Together, they create truly nightmarish scenarios for your language models.

After all, what good is general intelligence if it can't handle a little chaos?

-The Curator

Motivation

If your model performs well on a particular task, but not when Glitchlings are present, it's a sign that it hasn't actually generalized to the problem.

Conversely, training a model to perform well in the presence of the types of perturbations introduced by Glitchlings should help it generalize better.

Quickstart

pip install -U glitchlings

The fastest way to get started is to ask my assistant, Auggie, to prepare a custom mix of glitchlings for you:

from glitchlings import Auggie, SAMPLE_TEXT

auggie = (
    Auggie(seed=404)
    .typo(rate=0.015)
    .confusable(rate=0.01)
    .homophone(rate=0.02)
)

print(auggie(SAMPLE_TEXT))

One morning, when Gregor Samsa woke from troubld dreams, he found himself transformed in his bed into a horible vermin.

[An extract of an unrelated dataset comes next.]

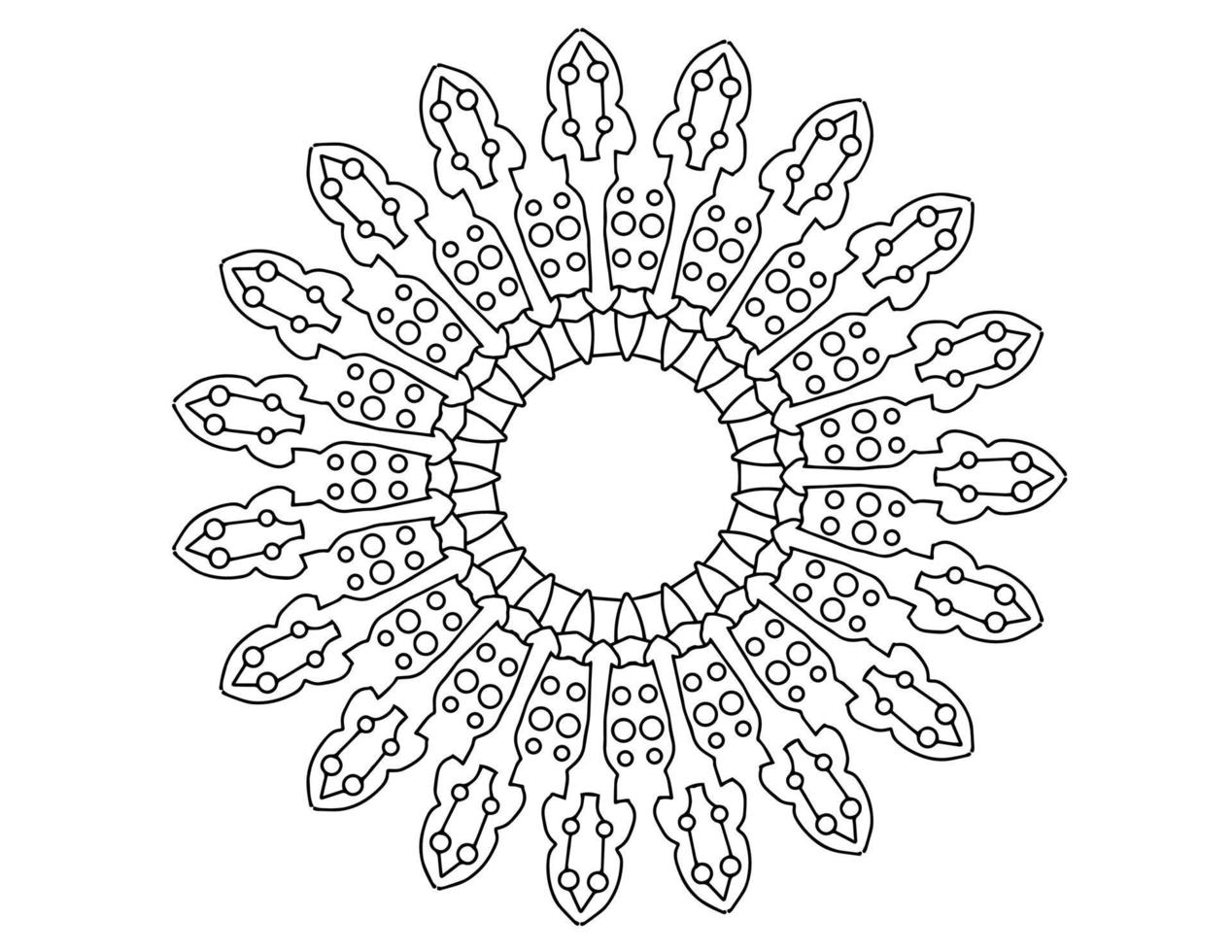 Mandala Art Black and white, Coloring page, decoration, vector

He layed on his armour-like back, and if he lifted his head a little he could see his brown belly, slightly domed and divided by arches into stiff sections. The bedding was hardly able to cover it and seemed ready to slide off any moment. His many legs, pitifully thin compared with the size of the rest of him, waved about helplessly as he looked.

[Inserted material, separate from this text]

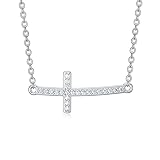 Sterling Silver Diamond Cross Pendant Necklace (1.1cttw), Sideways Cross Choker Necklace for women,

You're more than welcome to summon them directly, if you're feeling brave:

from glitchlings import Gaggle, SAMPLE_TEXT, Typogre, Mim1c, Ekkokin

gaggle = Gaggle(
    [
        Typogre(rate=0.015),
        Mim1c(rate=0.01),
        Ekkokin(rate=0.02),
    ],
    seed=404
)

Consult the Glitchlings Usage Guide for end-to-end instructions spanning the Python API, CLI, HuggingFace, PyTorch, and Prime Intellect integrations, and the compiled Rust pipeline (always enabled).

Your First Battle

Summon your chosen Glitchling (or a few, if ya nasty) and call it on your text or slot it into Dataset.map(...), supplying a seed if desired. Glitchlings are standard Python classes, so you can instantiate them with whatever parameters fit your scenario:

from glitchlings import Gaggle, Typogre, Mim1c

custom_typogre = Typogre(rate=0.1)
selective_mimic = Mim1c(rate=0.05, classes=["LATIN", "GREEK"])

gaggle = Gaggle([custom_typogre, selective_mimic], seed=99)
print(gaggle("Summoned heroes do not fear the glitch."))

Calling a Glitchling on a str transparently calls .corrupt(str, ...) -> str. This means that as long as your glitchlings get along logically, they play nicely with one another.

When summoned as or gathered into a Gaggle, the Glitchlings will automatically order themselves into attack waves, based on the scope of the change they make:

  1. Document
  2. Paragraph
  3. Sentence
  4. Word
  5. Character

They're horrible little gremlins, but they're not unreasonable.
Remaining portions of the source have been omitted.